The moustache - that feature of human anatomy which is commonly seen below the nose and above the lips - is often a matter of an obsession of proud display amongst males in many cultures, and is considered a matter of shame for most females.

Think of Charlie Chaplin and you cannot ignore the image of the “toothbrush moustache, which was popular for several decades in the early twentieth century.

And who else, but Salvador Dali , can be as well-known for his work as for his waxed moustache. Of course, one would not be wise to ignore or belittle the fictitious character of Hercule Poirot, for his fussiness in grooming a perfectly waxed one!

Can anyone, in their right senses, blame Albert Einstein for sporting an unkempt mane and a wild moustache, what with his preoccupation for conceptualizing the special and general theories of relativity?

Not to be ignored is Ram Singh Chauhan of Rajasthan in India with the longest moustache at 5.65 meters; nor the handle-bar moustaches of many of his contemporaries from the adjoining state of Punjab as well as many of the country’s policemen from the south!

But did you know that several women took great pride in grooming luxuriant moustaches too!

Frido Kahlo, a famous Mexican painter of early twentieth century is as famous for her own prominent unibrow and moustache.

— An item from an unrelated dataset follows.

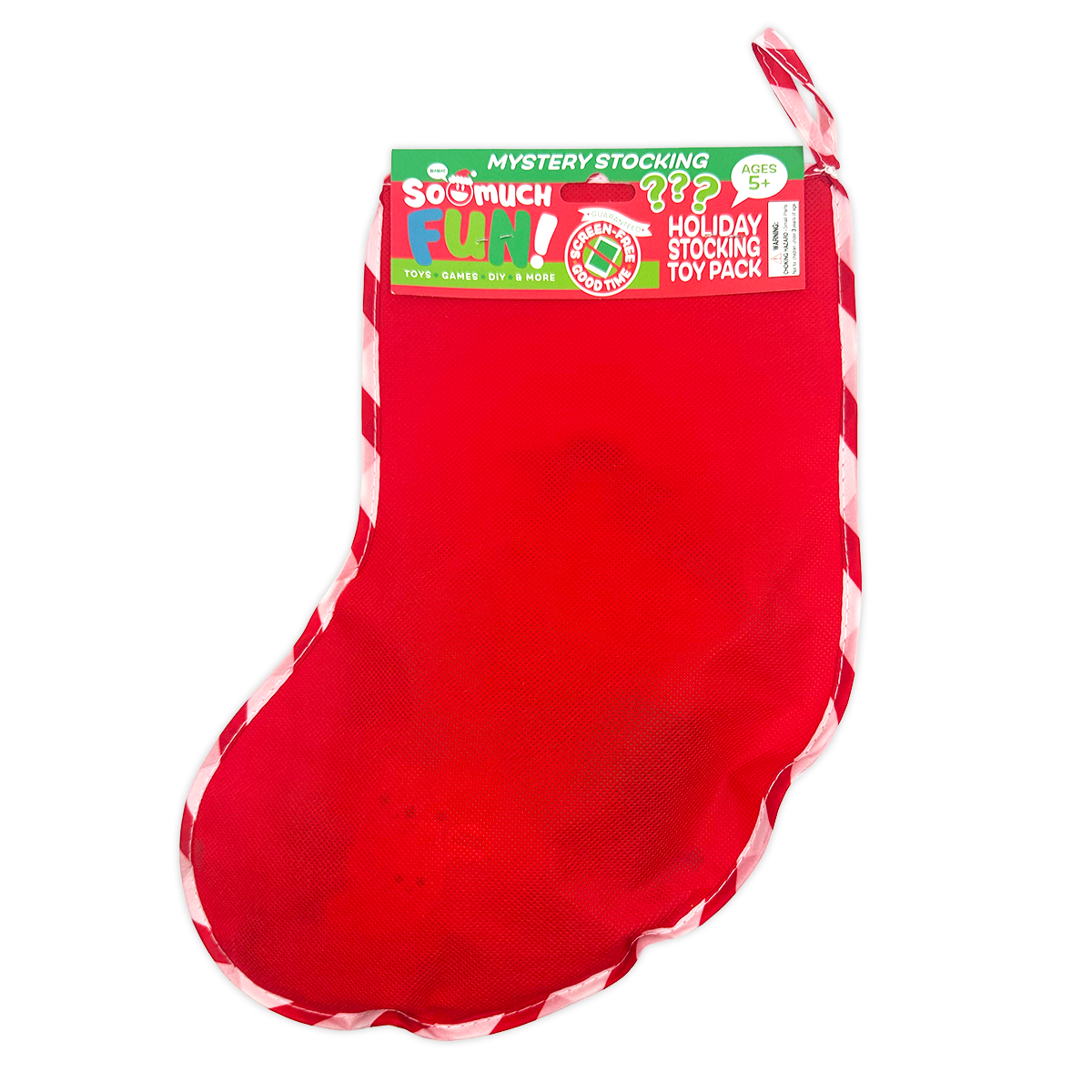 Christmas Mystery Stocking Toy Pack - 6 Pieces Per Pack 24704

In more recent times, the great pop artist and singer Madonna, has, in her long career, gone through every imaginable change of hair and body color, and it was therefore not a surprise that at one point her facial hair took center stage!

But the woman who continues to set an exemplary status for herself with her moustache is Shyja from Kerala in India, who has gone on record in a BBC interview to assert that she keeps a moustache because she just “likes it a lot’!

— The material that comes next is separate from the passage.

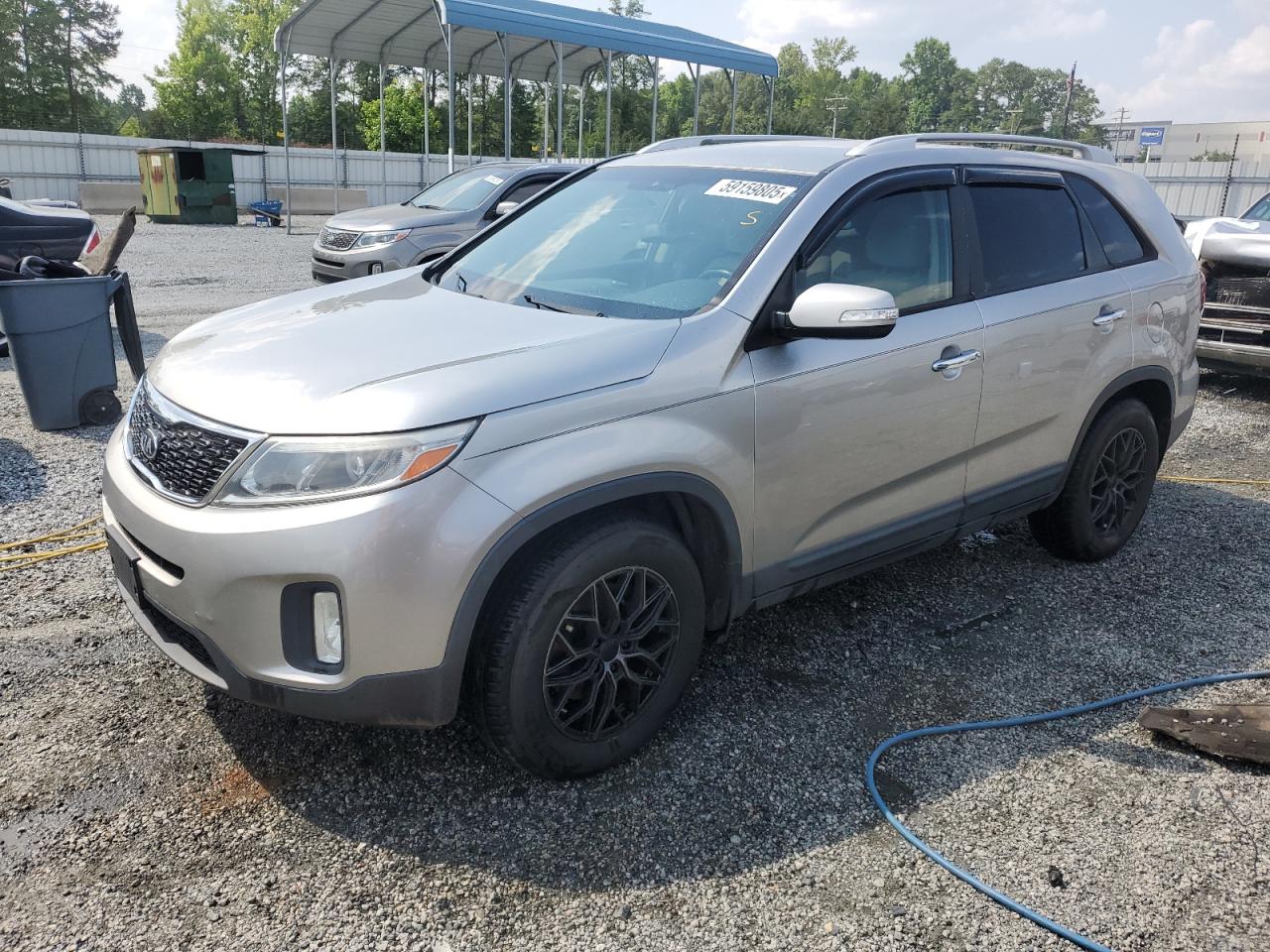 KIA SORENTO LX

So, whether it is from a sense of customary tradition or an idiosyncratic expression and fastidious personality trait, or just a matter of loving it, a moustache can be the door that opens into a world of socio-cultural nuances.

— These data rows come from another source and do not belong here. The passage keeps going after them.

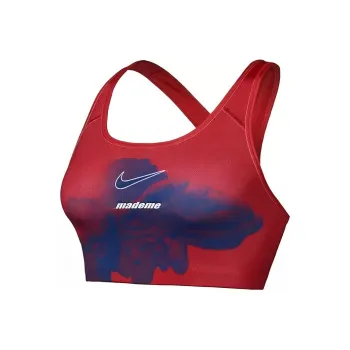 Nike X MadeMe Sports Bra Gym Red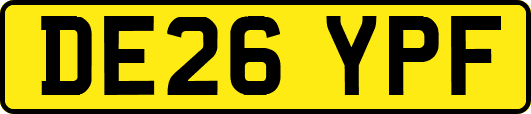 DE26YPF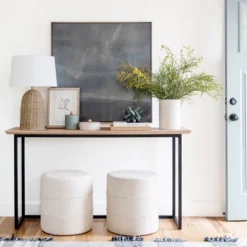 Laurelhurst Indoor/Outdoor Plaid Rug Black/White - Threshold™ Designed With Studio McGee -Decor House GUEST 8f524f1b 9261 45dd 995b 3871a73c6e14 1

If only we take the courage to grasp and tweak it with our thumbs and forefingers! If indeed, we do happen to engage in this bold affair in a country such as Albania, we will be pleasantly surprised or intrigued to know that there are ten different words to what we are caught up with! Just see the list below:

madh – bushy moustache; holl – thin moustache; varur – drooping moustache; big – handlebar moustache; kacadre – moustache with turned up ends; glemb – moustache with tapered tips; posht – moustache loosely hanging down at the ends;  fshes – long broom-like moustaches with brushy hairs; dirs ur – newly sprouted moustache; rruar – moustache shaved off

I will stop here and allow you to keep wondering at the world through this interesting word!